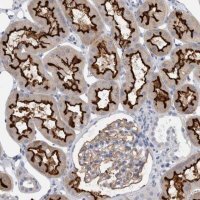 Anti-ANKFY1 antibody produced in rabbit HPA024513-100UL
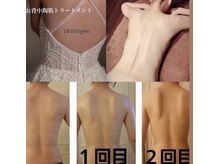 マヤヒメ(mayahime)/お背中REVIハーブピーリング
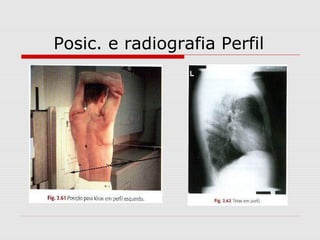 Posic. e radiografia Perfil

##############################

Pictures stay out; everything else in the listing above is to be repeated exactly.

 Anti-ANKFY1 antibody produced in rabbit HPA024513-100UL
 マヤヒメ(mayahime)/お背中REVIハーブピーリング
 Posic. e radiografia Perfil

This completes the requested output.